Distrib Runs Rdist (or Not)

So far, we've seen that distrib is used to select machines. For each selected machine, a Distfile (and any listed files whose names are quoted with '@'s) is processed with m4. Once this is done (and still for each selected machine), distrib takes some action. By default, that's running rdist with the processed Distfile.

Running Rdist

If we really want to run rdist on the processed Distfile, we're in luck, because that's the default action. Most of distrib's options are just passed down to rdist or influence its behavior. Brush up on your rdist and look over the distrib options to see what you can do.

Of most interest to many people is that you can use -P to set the transport mechanism for rdist so you could use, for example, ssh instead of rsh.

You can also pass anything you want to rdist by using the -o option. (This might be more useful if "rdist" isn't rdist.)

Recall that the files listed in the processed Distfile may themselves be processed. When that happens, their names will change, but distrib does a good job of hiding that from you- as long as you don't try to do anything "clever" in your Distfile.

... or Not!

Sending files via rdist is just one thing you can do with distrib, and while useful, far from the most interesting one.

The UNIX philosophy is that lots of programs that do small jobs well can be used together to do many tasks. If we take this approach to distrib, we see that if we could use any other program on the processed Distfile instead of rdist, there'd be a lot of possibilities.

In fact, we can use nearly any program in place of rdist. There are several ways to do this, and a few limitations on each approach.

The Ol' Bait and Switch

Why isn't there an option to specify which program to run? There probably should be, but you don't really need it. If the m4 macro or environment variable RDIST_PATH is set, that's the program that will be run. It will usually be run with the options "-f -" as well as whatever other rdist options result from the options given to distrib. It will get the processed Distfile as its stdin.

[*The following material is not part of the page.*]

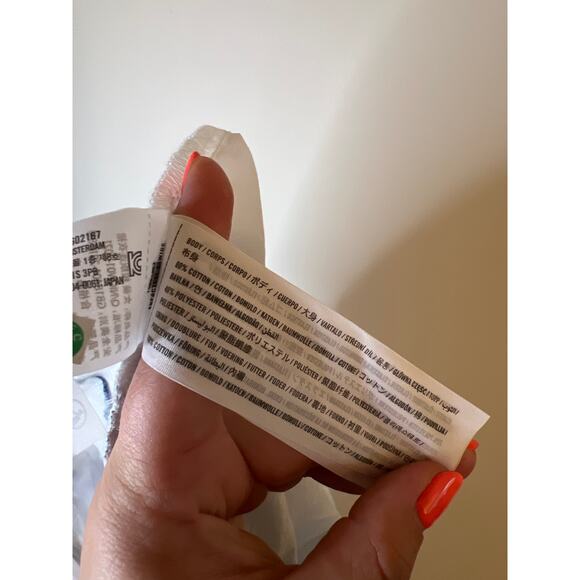 A&F Abercrombie and Fitch Emerson Ruched Puff Sleeve Floral Poplin Mini Dress - Picture 14 of 14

If the options given will confuse your program or you can't make use of the processed Distfile on stdin, you could write a wrapper script or use a different approach.

If you use the environment variable RDIST_PATH, don't forget that you changed it. You might want to unset it or set to the location of a real rdist (or whatever it was before you changed it).

Instead of setting RDIST_PATH in the environment, you can set it as a macro. this allows you to set it by machine, and doesn't mess with your environment. If it's set both places, the macro takes precedence. If the macro is unset, it goes back to the environment value.

If your Distfile is intended to always be run with a different program than a real rdist, putting the program in the configuration file as a macro is the best approach. If it is only rarely run with a different program, the environment variable is easier.

One For All

Another option that we've briefly mentioned already is to use distrib's -E option. Just as cpp will emit its output instead of sending it to be compiled, distrib will just print the processed Distfiles to stdout. The good and bad news is that all the processed Distfiles (one for each selected machine) will be emitted together.

This could be useful if we just wanted to generate a list, and distrib has a builtin option to do this for a degenerate Distfile containing only "HOST" (the manual page lists an equivalent invocation). That makes distrib -H just print HOST for each machine. If there's no HOST macro defined, you won't get anything, of course.

Similarly, you could use a small Distfile to print any other attribute(s) of the selected machines. Such a list could be informative in its own right or could form a script or a list of arguments for use with xapply.

Choose Your own Adventure

Now that we've selected machines and processed some files, we get to do something with the Distfile(s) (and indirectly, maybe other files as well). By default, that action is to run rdist, which we can pass options to to change its behavior.

We can also run another command in place of rdist in some cases if we want to handle each processed Distfile separately. This isn't usually necessary, but it's a nice feature.

Finally, we can use the output of distrib (the processed Distfile(s) catted together) to feed another command. This could be used to generate a list or file or in some kind of a loop to execute other commands.

With these alternatives available, distrib provides us with a shorthand for many types of tasks including- but certainly not limited to- file distribution.